This all started because I wanted to play around assembling some really bit Illumina datasets. Now, I've done this a lot over the last few years and always found a way. For a long while Ray was my favorite assembler, because I could successfully distribute really large jobs across many nodes of a cluster. More lately, I've discovered Megahit (arXiv, final($), github), which really does work remarkably well on big datasets on a single node. But I wanted to play around a particular tool (to remain anonymous), and discovered it is recommended to be used with 500Gb of RAM.
We have a wonderful cluster and at one point outfitted several nodes with 250Gb, but none with 500Gb. Indeed, I think the architecture can't handle it -- and even if it can, we probably don't have the right memory units. Anyway, that requires getting sysadmins and such involved -- obviously the cloud is the solution, as so often it has been.
Nope.

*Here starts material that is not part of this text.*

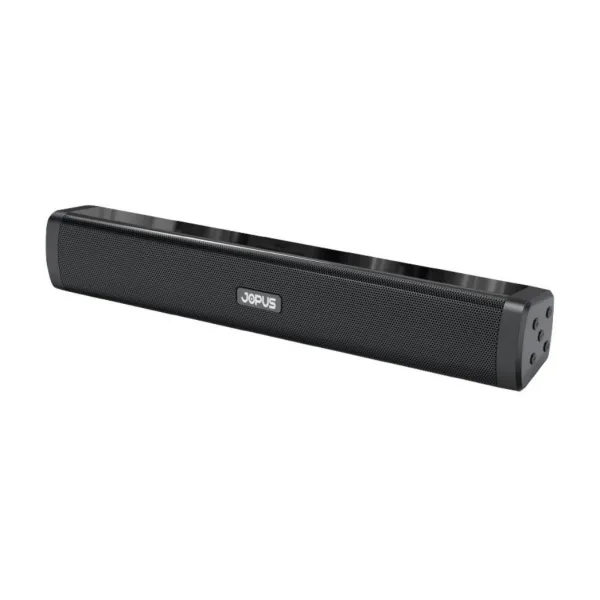Jopus Mirand Radyolu Bluetooth Hoparlör Soundbar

Amazon AWS's biggest instance, several but not all of the instance types that end in 8xlarge, sport 244Mb. I googled around and there was a bit of interest on one of their support sites a few years ago, but not much else. Okay, time to start looking elsewhere -- Amazon is nice and familiar, but surely I can learn another!

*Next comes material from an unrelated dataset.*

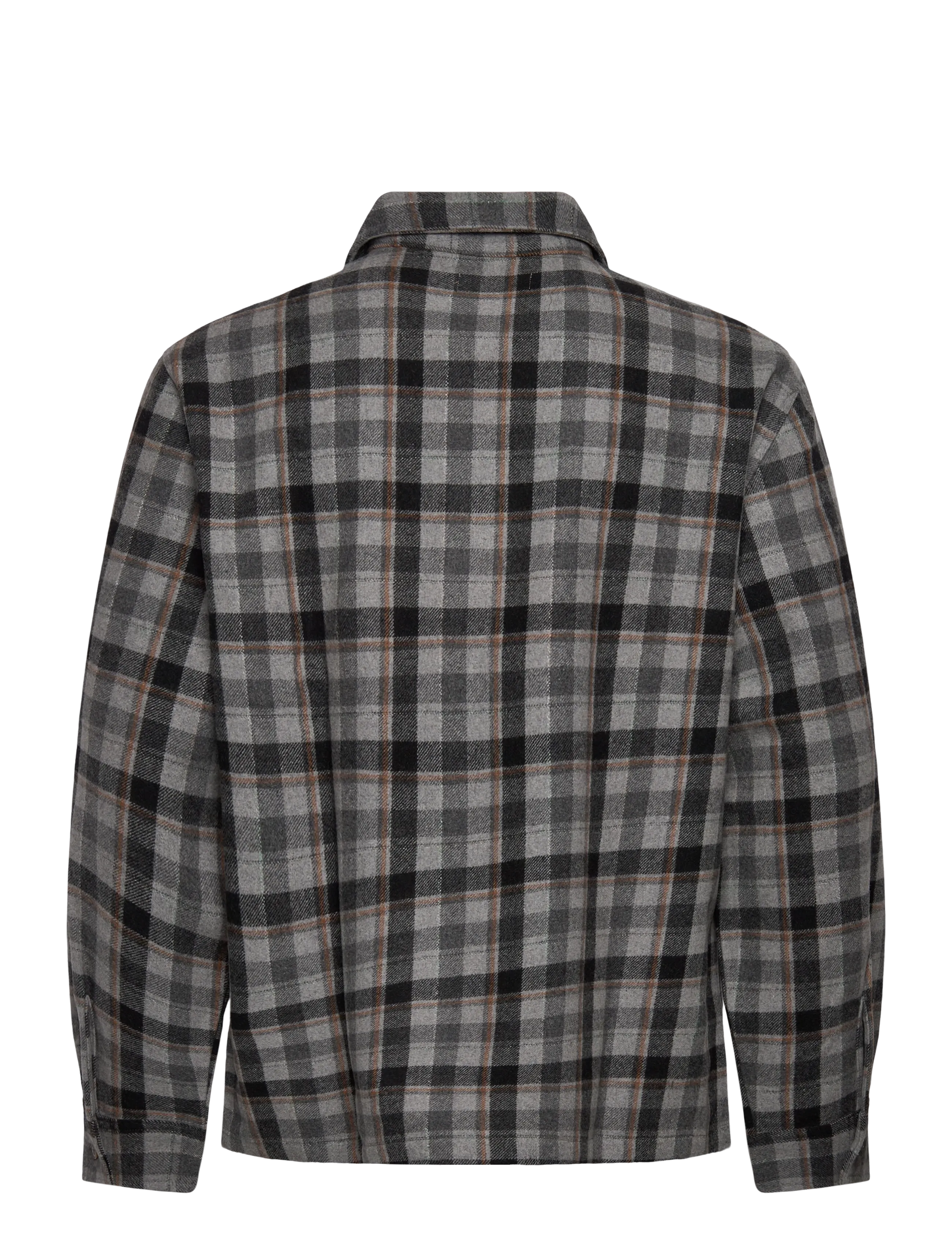 Zip Shirt 2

Well, Google tops out just over 200Gb. IBM does too -- at least it did when I first checked; now I can't find their instance types page. Now, Rackspace does have a 500Gb machine -- if you dig hard. You won't find it in their main pricing page, but I stumbled on a blog post mentioning their 500Gb instance in their "bare metal" offering (no virtual machine). At risk of looking a gift horse in the mouth, I can't help but point out it has only 12 cores.
An awful lot of people, including myself, have gotten an awful lot of bioinformatics done with smaller machines. Indeed, many interesting tasks can run on typical desktops or laptops. Many tools are more compute-hungry than memory hungry (or at least, all-in-one-huge-chunk ravenous), and so run well on clusters. I checked with our computational chemist, and his machine is nothing special in the RAM department (16Gb).
So how much does the bioinformatics community need 500Gb RAM? A bit of Googling found a few interesting points. As expected, most papers I found mentioning such monsters were assembling short reads with de Bruijn approaches -- but not exclusively. I've also noted the author lists for these papers are enriched with people I follow on Twitter. A paper from Zamin Iqbal and colleagues genotyping large numbers of microbes reported initially needing a 300Mb de Bruijn graph, though this was pared to only 100Mb with a different implementation. A paper building a giant tree representation of gene information used a 500Gb machine, as did a presented assembly effort on tunicate genomes. The Parsnp paper from Adam Phillipy on genome comparisons used a 1Tb RAM machine, as did the BESST scaffolding paper. The winner on extravagant amounts of RAM for bioinformatics (my first two computers each started with 1 kilobyte of RAM!) appears to be Blacklight, with 16Tb in each of two partitions!
Okay, I'm envious of all that RAM -- and it is likely some other folks are as well. This red clover assembly paper reported their program failing on a 500Gb machine, as did a paper trying to enumerate repetitive elements in the human genome. Of course, it may be that more clever methodologies (such as in the first case using khmer from Titus Brown's group for digital normalization) or more clever and/or distributed data structures (for the second, given that tools such as Minia can capture human genomes in a de Bruijn graph) could save these, but that isn't a question I would be equipped to handle.
That certainly isn't a comprehensive list; Google won't find things behind paywalls and all too often machine specs are lacking from Materials and Methods sections. I also haven't attempted to track down every case the Google seems to find. But it does illustrate a demand out there.
Another indicator of interest is the number of fat machines turned up at core facilities. Nothing as packed as Blacklight, but no shortage either of 1Tb and 2Tb RAM machines. Perhaps it is my frustration talking, but I do wonder how effectively these machines are used as a group -- just as I sometimes wonder about sequencer utilization statistics. Particularly when the inputs and outputs are so transportable, I can't help but wonder if having a smaller number of centralized facilities would have gotten the funders more bang for their buck.
So, I may be learning Rackspace's ecosystem, and then deciding to live with only 12 cores. Or crossing my fingers and hoping that Amazon launches a fatter memory machine instance type -- ideally with options for more cores! But it is a useful reminder: cloud providers can be an extremely useful reservoir of compute power, but they do have limits -- and limits that are ever easier to bump into.